• DATA FOR THIS EXERCISE:
○ ○ ○ ○ ○
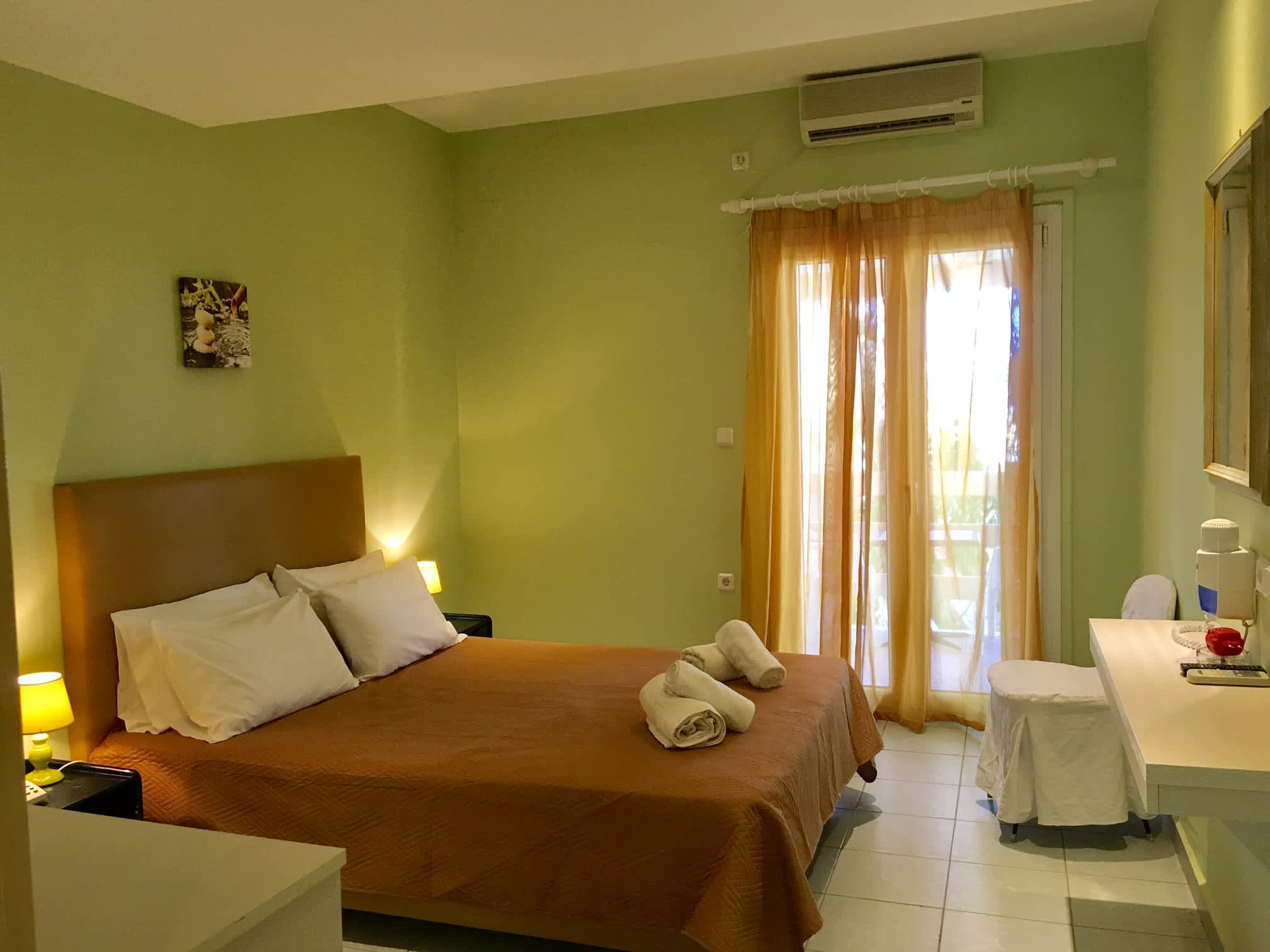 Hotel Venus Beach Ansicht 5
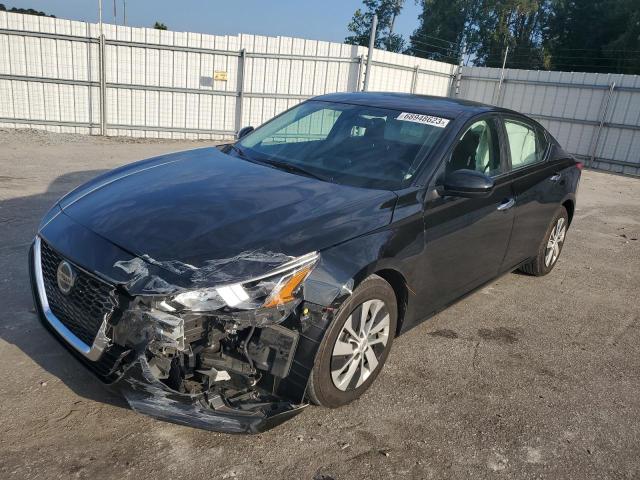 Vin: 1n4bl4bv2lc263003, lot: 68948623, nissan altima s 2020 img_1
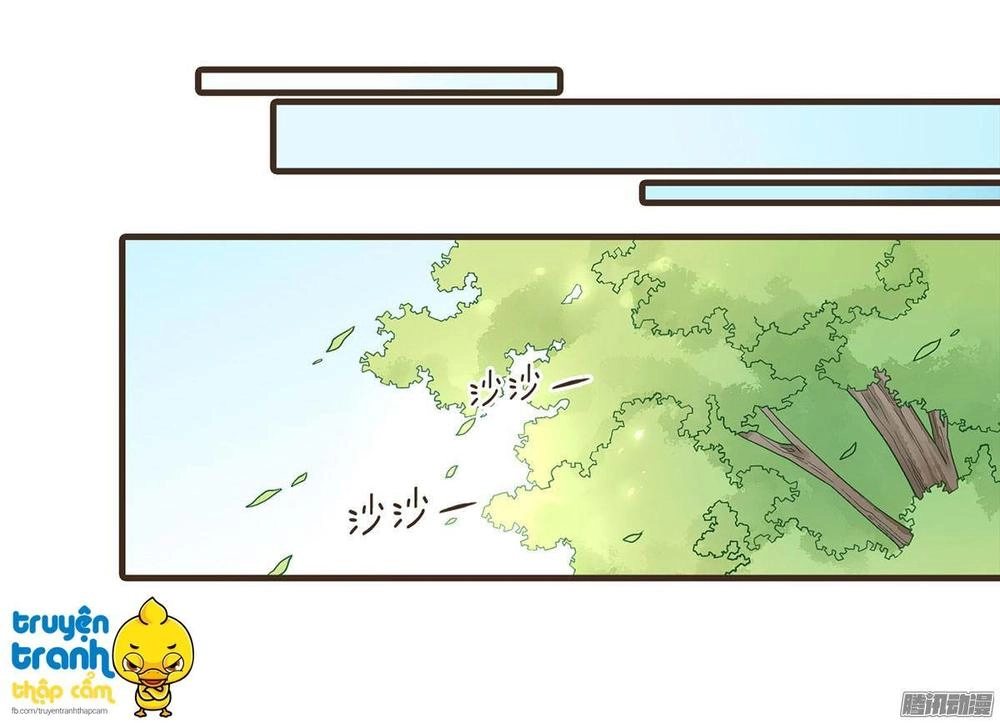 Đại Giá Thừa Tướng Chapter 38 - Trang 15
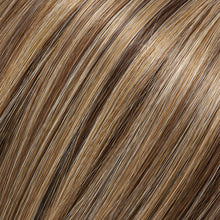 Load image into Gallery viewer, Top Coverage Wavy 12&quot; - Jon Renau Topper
○ ○ ○ ○ ○
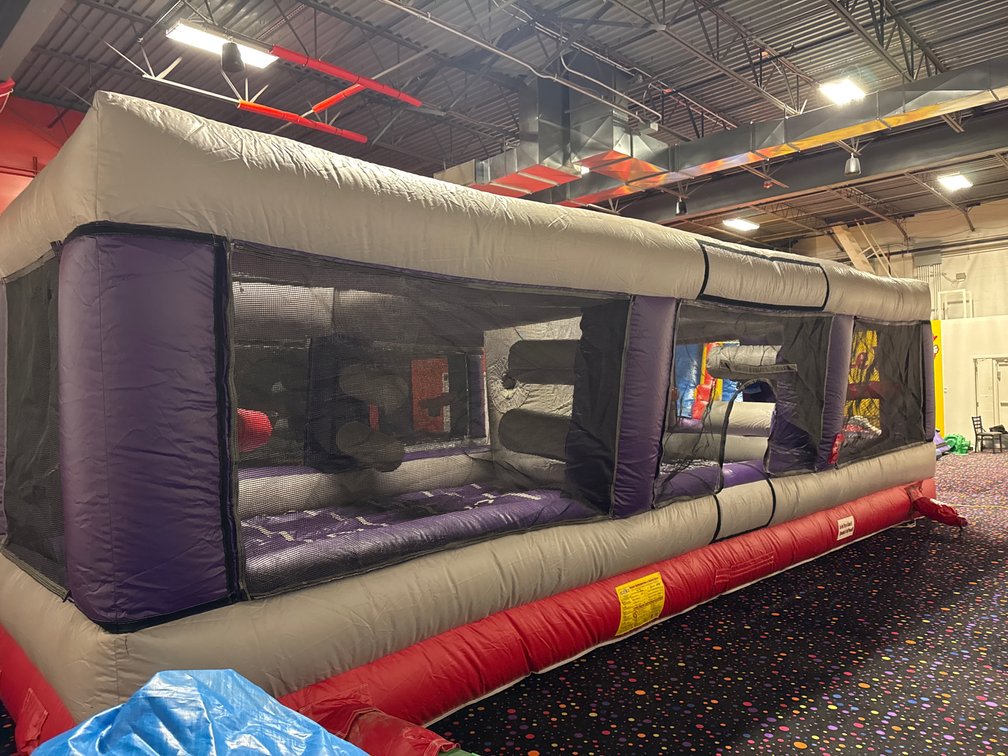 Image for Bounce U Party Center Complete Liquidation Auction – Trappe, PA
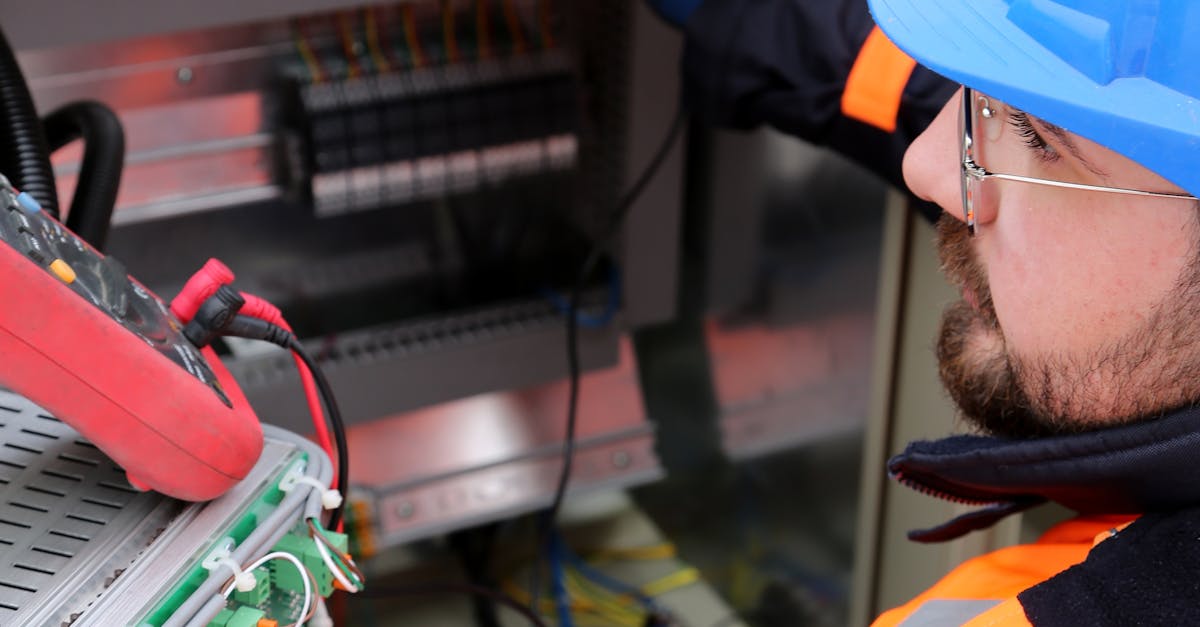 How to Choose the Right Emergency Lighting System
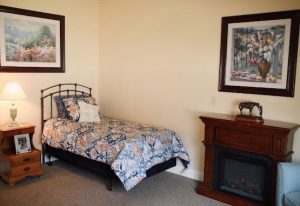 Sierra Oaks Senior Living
○ ○ ○ ○ ○
• PROBLEM TO WORK ON: Write out the lines above from the one with "Hotel Venus Beach Ansicht 5" through the one with "Load image into", ends included, exactly; no picture goes in.

• ANSWER AREA:
 Hotel Venus Beach Ansicht 5
 Vin: 1n4bl4bv2lc263003, lot: 68948623, nissan altima s 2020 img_1
 Đại Giá Thừa Tướng Chapter 38 - Trang 15
 Load image into Gallery viewer, Top Coverage Wavy 12&quot; - Jon Renau Topper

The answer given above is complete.